A moderate Republican, Reese, 60, of Oak Hill, was one of 17 delegates who broke away from the rest of the Republicans to initially back Gov. Warner's last budget, although he did not vote for the budget that was later approved.
But the more conservative Craddock successfully used it against Reese in his campaign. And in the end, he carried every precinct except Navy — and only lost that one by six votes. He'll now face Democratic contender Chuck Caputo of Oak Hill and Libertarian Party candidate Chuck Eby of Fair Lakes in November's election.
Craddock said a combination of factors were responsible for his win. "We had a great, grassroots effort, and the people aligned themselves more with where I stand than with where Reese stands," he said. "All my campaign workers were amazing, but I especially want to thank my wife for her 100-percent partnership in this whole thing."
Craddock is director of student ministries at King's Chapel, which meets at Willow Springs Elementary. He and his wife Katherine have a daughter Katie, 14 months.
MEANWHILE, the mood was also happy at Reese's home Tuesday night, despite his loss after serving four years in the General Assembly. "We're celebrating," he said. "My family has sacrificed a great deal over 14 years — [10 on the Fairfax County School Board and four in the House] — and we're celebrating no longer having the burden and no longer having to fight these extremists."
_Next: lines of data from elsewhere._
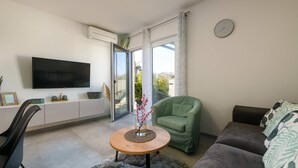 Een moderne woonkamer met een flatscreen televisie, een groene fauteuil, een bruine bank en een klein rond tafeltje met een vaas.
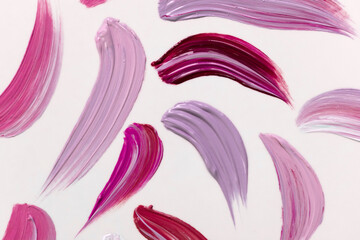 Lilac paint strokes on white.Abstract background.
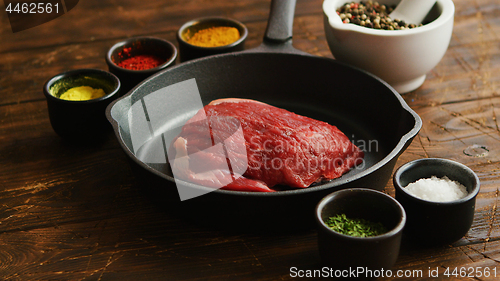 Image of Bowls with spices near uncooked meat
Reese said they're "so extreme and such bitter people that they tend to make everyone around them bitter and filled with hatred, and I don't need that in my life, anymore. They set out to demonize me on the tax and abortion issues, and they succeeded. Now, we'll see what happens as a result."
Carol, Reese's wife of 34 years, said she's sorry he lost, but it's been a long 14 years of public service. "We're disappointed," she said. "But I'm ready to be out of it and to have my husband back." Actually, said Gary, "Carol and I had reached an agreement that this would be my last race, anyway. We'd had enough of these people and the horrible things they said about me in the campaign literature."
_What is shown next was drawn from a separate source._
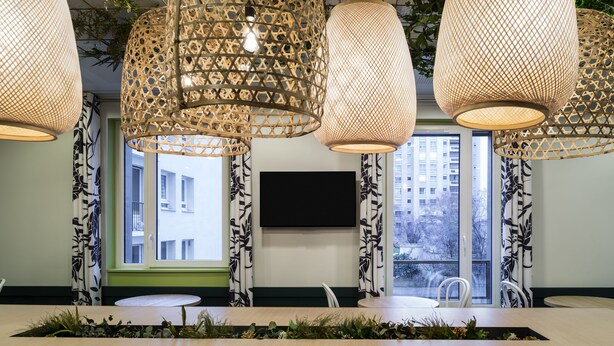 Un intérieur moderne avec un comptoir d’accueil, des rideaux à motifs et des lampes en rotin suspendues.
Regarding his many accomplishments as the 67th District representative, Reese said he's proudest of the adoption of the "Taxpayers' Budget Bill of Rights," requiring the state budget to be written in a transparent and easily understandable manner, and the transportation initiatives he helped set in place. They involved a coalition of delegates who'd agreed to vote in favor of each other's transportation needs — including Northern Virginia's.
Now, said Reese, he's looking forward to "new challenges and adventures with new people" as one of a group of investors and airline people involved in creating a new, long-distance, passenger airline serving the East and West coasts, Europe and Moscow.
HE'S ALSO a proud grandfather to 8-month-old granddaughter Morgan, courtesy of son Alan, and is happily anticipating his daughter Shelley's wedding in August. So, said Reese, "If you don't hear a bit of sadness in my voice, there's good reason."
After all the votes were in Tuesday, Craddock thanked "the best friends in the world" for their help in his victorious campaign. Now, he said, he's going to "take a short nap and start working hard again."